Clearview’s business model, of collecting as much image data as possible, in case a client might find it useful, is pretty similar to insurers’ ‘right to collect any and all data’ thinking. Insurers need therefore to think about recalibrating what is reasonable to collect, and have justifications for continuing to do the collecting they do. Those justifications should be set not just in terms of adverse selection, but in terms of privacy and consumer attitudes as well.
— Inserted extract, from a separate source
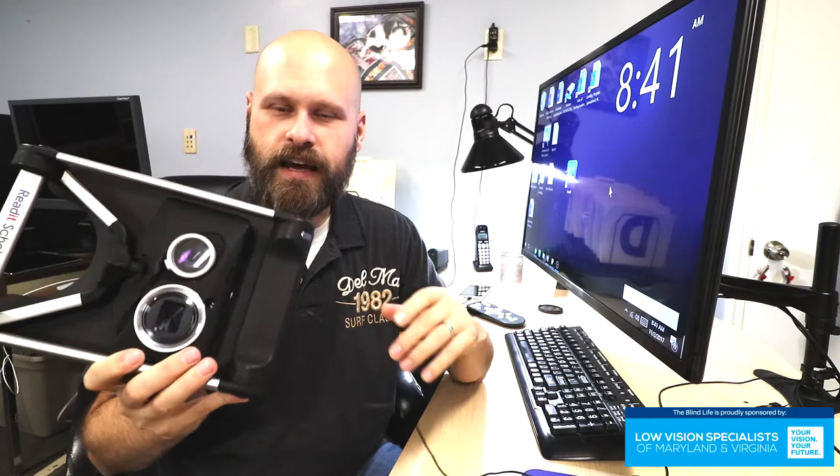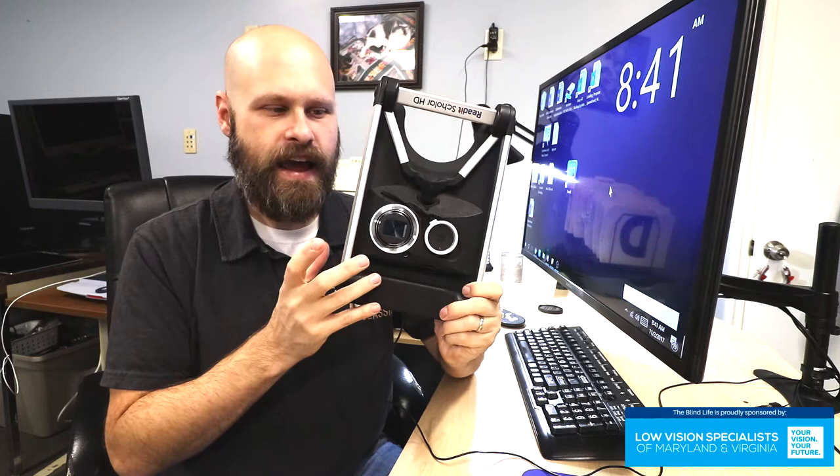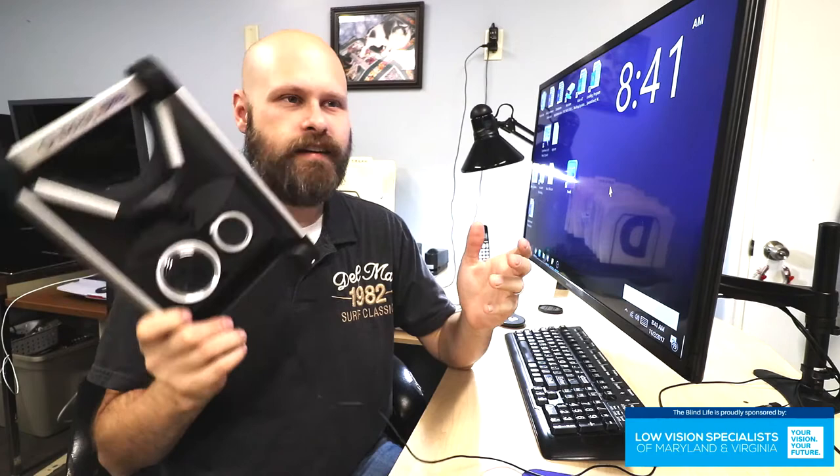When you're not using it, you can fold it down. It's about the size of a piece of paper and about two inches thick. You can fold it down, shove it in a drawer, stick it up on a bookshelf somewhere, get it out of the way, and only pull it out when you need it. So it's a desktop digital magnifier, it's going to zoom in, zoom out, and it's going to have the different colors — you can invert the colors.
The dramatic rise in the number of suspected fraudsters in UK insurance (more here) over the last few years points not so much to there being lots more tricky customers around, but to a widening of the criteria. A near three fold increase over three years feels very much like a strategic move to capture more data to fine tune counter fraud decisions systems, and to set their scope of assessment much wider. The problem however is that this also feels rather close to the Clearview business model. Something along the lines of ‘if we do not know about them, how can we catch them if they do decide to do something’.
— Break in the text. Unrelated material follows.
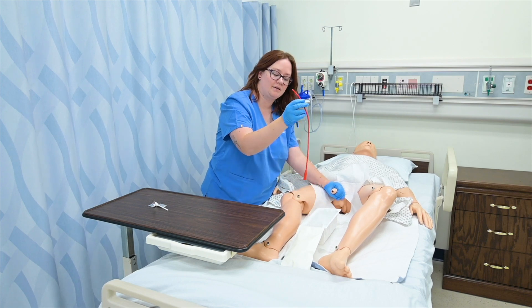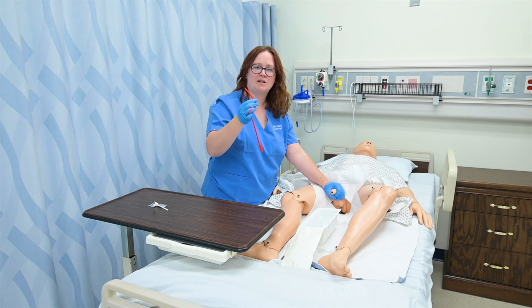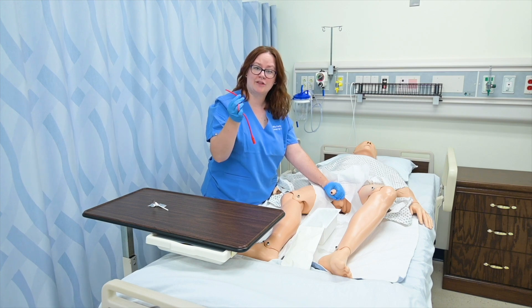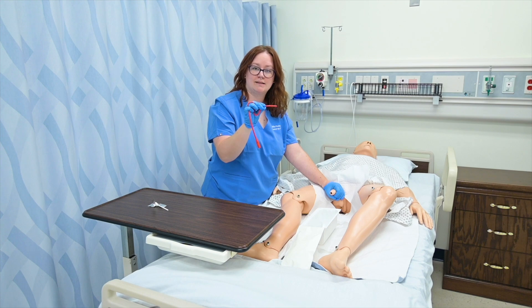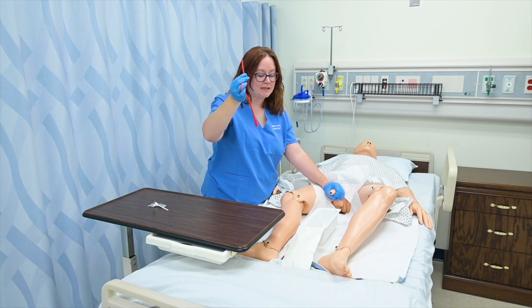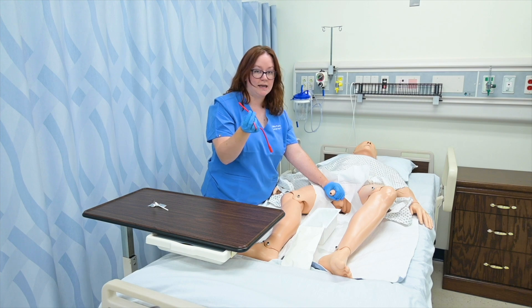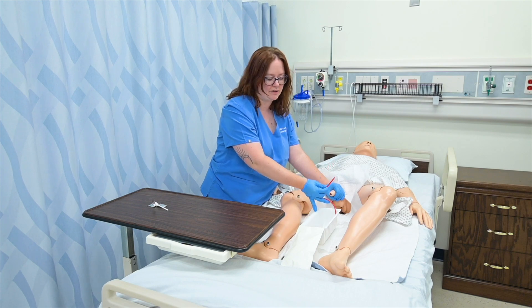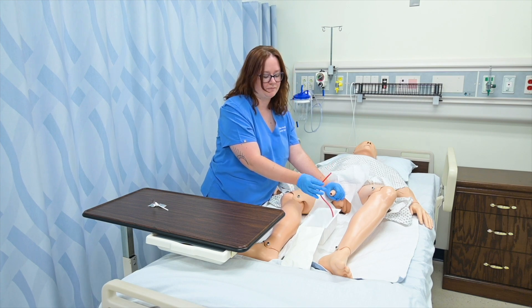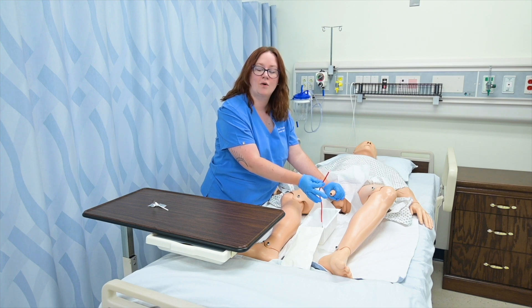I'm going to grab my catheter, being very careful not to let that end hit anything. The difference between an indwelling catheter and our straight catheter is that the straight catheter doesn't have a bag attached to the end — this is an open system. So once this tip goes into the penis and accesses urine, urine will start exiting the end of the catheter. We need to make sure the end of the catheter is in a container appropriate to collect urine. The container in the straight catheterization kit is hard plastic and made for that purpose, or alternatively I could use a urinal or the sterile specimen cup to collect a urine sample.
I’ve been told that this is needed in order to catch criminals. In this context, that’s a weak argument, simply because of what it says on this data’s tin – they’re suspected only. Two other points further weak it. Firstly, what is meant by ‘suspected’ is defined by the sector, not the law. And secondly, the degree of suspicion is scaled from a little to a lot.
Smile for your Underwriter
We know that an insurer has been funding research into how the smiles of people in online photos can be used as a predictor of mental health problems (more here). And it is not hard to then see how this could be used, through the scaping of online images, to underwrite such people differently. It’s pretty similar to scaping words off social media posts to guess something about the person’s character.
What the Clearview ruling does is set out the regulator’s attitudes to such wholesale scraping of online data. So while a view widespread across the sector that if something’s on the internet, then it’s free for an insurer to use, this Clearview ruling runs pretty counter to that.
So if an insurer has been scraping personal data off the internet, it will need to start assessing how much of that data it can keep, and how much will need to be deleted. That’s why I’ve been saying of late that data ethics needs now to be considered as a trigger for your business continuity plans.
It looks like the UK data protection regulator has been concentrating on the upstream side - data brokers and software houses. I wonder if this is part of a strategy to target the upstream first, in order to then send signals to firms more downstream, such as insurers. Something along the lines of ‘you know what you have to do now’.
The challenge for insurers will be around interpreting those signals. There’s a tendency in the sector for insurers to see themselves as special cases, due to the nature of the risk at the heart of their business. That can only be taken so far however, and needs to be carefully controlled. So I worry that some insurers will just view the Clearview ruling as nothing to do with them, and so simply dismiss it. That would be a risky move.